Lewis Hamilton claimed the maiden pole position at the 2018 French Grand Prix since the event’s return on the F1 calendar after a 10-year hiatus and the 75th of his career. The Briton was followed by his team-mate Valtteri Bottas who qualified with the second fastest time to complete a front row lockout for Mercedes. For Mercedes, it is only their second front-row lockout this season after Spain. Taking the final podium qualifying place which is the third spot on the grid was Ferrari’s, Sebastian Vettel.

For the Silver Arrows squad, the momentum built smoothly from Friday to Saturday after they received an upgraded engine which they call the ‘Phase 2.1’. Hamilton dominated all three sessions of the qualifying, while the Ferraris turned around their Friday performance as expected, and pace wise slotted in between the Mercedes and the Red Bull Racing team drivers.

Although the Brackley squad had the qualifying advantage here, one also has to bare in mind that Barcelona, Paul Ricard and Silverstone were the three circuits that were resurfaced at the behest of Pirelli. According to speculation, Mercedes brought it to the attention of the tyre maker, that they were unable to manage certain compounds at certain circuits, due to serious safety concerns. They feared there would be a tyre burst or extreme degradation with the new Pirelli compounds. So with the French circuit being one of the three that have new asphalt, it could aide Mercedes but Ferrari will have the advantage at other circuits.

For Vettel, it was a decent qualifying given that he had grip, and balance issues and also encountered traffic in the first two sessions. The German described his lap in a French phrase saying it was a bit ‘comme ci comme ca’ meaning neither good nor bad. For his team-mate Kimi Raikkonen, who looked stronger in Q1 and Q2, it was a disappointing sixth place on the grid. The Ferrari drivers used the ultrasoft compound throughout all three sessions of the qualifying, unlike Red Bull Racing or Mercedes who completed Q2 on the supersoft tyre. On the final attempt of Q3, Vettel was able to get close within three-tenths of Q3 while Raikkonen could not get a clean lap to improve his lap time. The Scarlet squad does hope that they don’t have a repeat of Barcelona, where they were at their lowest point when Mercedes was at its best.

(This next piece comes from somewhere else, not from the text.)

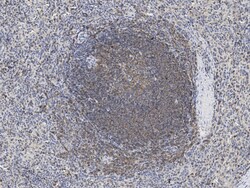 Sino Biological Anti-CD19 Antibody, Rabbit Polyclonal, Quantity: Each of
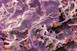 mRNA cjepiva za HIV pokazuju dobre rezultate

Red Bull Racing team drivers Max Verstappen and Daniel Ricciardo split the two Ferraris by finishing fourth and fifth row respectively. The two drivers attempt the Q2 of the qualifying session on the supersoft tyre, however, Ricciardo was struggling in the eighth spot, a switch to the ultrasoft tyres later in Q3, did put them in a more competitive place on the grid. Ideally, since they brought three sets of soft tyres each and were seen doing qualifying sessions on them on Friday, one expected them to qualify on that tyre and attempt a fairly longer first stint to have an advantage over their rivals. With both drivers being exceptional over-takers, the soft tyre was worth the gamble, however, the rain and dropping temperatures would have meant more time to get those tyres within the optimum temperature window in the qualifying session.

The Q3 session being interrupted by red flags brought out by Romain Grosjean’s crash, also caused trouble for the top 6 drivers since they had lesser time to get their tyres within the temperature window in the final stint of the session. The Frenchman crashed his car at Turn 4 into the barriers ending his session, despite his car being competitive and the best of the middle-field pack this weekend. His team-mate Kevin Magnussen managed to secure ninth spot on the grid.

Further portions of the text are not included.